The improvement of nerve conduction function depends on the enhancement of remyelination. It has been found that the application of TMS in the lesion area can promote the remyelination of neurons with demyelinating lesions by activating axonal fibers and neurons and increasing the number of oligodendrocytes (33). The oligodendrocyte, which is closely related to the maintenance of the normal physiological function of myelin, can synthesize myelin to maintain the rapid conduction of action potential across the axon and provide nutrition for axons to meet the large amount of energy required for axon transport (34). Therefore, the effect of TMS on oligodendrocytes is an important mechanism for inducing myelin sheath regeneration. Experimental autoimmune encephalomyelitis (EAE) is an ideal animal model for human MS that can be immunologically induced by several myelin antigens and is widely used to better understand the pathophysiological process and treatment of diseases (35). Researchers have found that TMS can decrease the expression of glial fibrillary acidic protein and Ki67 while enhancing the expression of brain-derived neurotrophic factor and glial cell-derived neurotrophic factor in EAE (36). At the same time, the survival rate of nerve cells can be increased, and the migration of astrocytes can be promoted. Thus, the damage process of CNS can be delayed, and neural protection and remyelination can be promoted (36). Another study using EAE models to investigate the effects of TBS also obtained similar results, suggesting that TBS has a significant therapeutic effect on EAE animal models (37). TBS can alleviate reactive gliosis and promote myelin regeneration, thereby notably improving the neurological symptoms (37). In addition, neuronal activity is also thought to stimulate myelin regeneration (34), so the neuronal activation of TMS may also be a potential mechanism for inducing remyelination.

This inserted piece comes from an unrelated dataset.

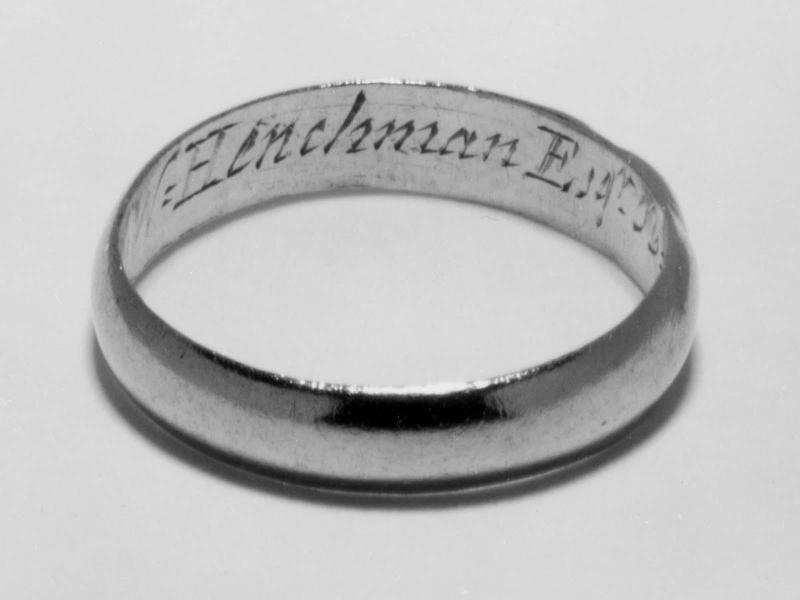 Mourning ring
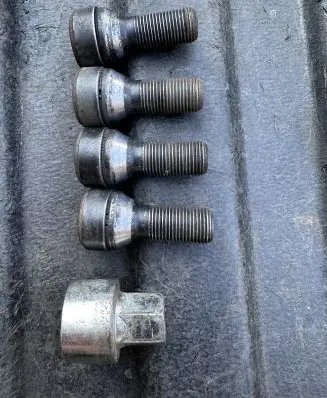 Mercedes-Benz C W205 Nuts/bolts 542241413413434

In terms of inflammation, neuroinflammation mediated by astrocytes and microglia induced by pro-inflammatory mediators is an important pathological basis of MS. In the neuroinflammatory processes of MS, astrocytes grow and become active, promoting the development of inflammation, phagocytosis, production of inflammatory mediators (such as nitric oxide), and antigen presentation, thus resulting in oxidative damage, cellular dysfunction, progressive axonal loss, and neuronal degeneration (38).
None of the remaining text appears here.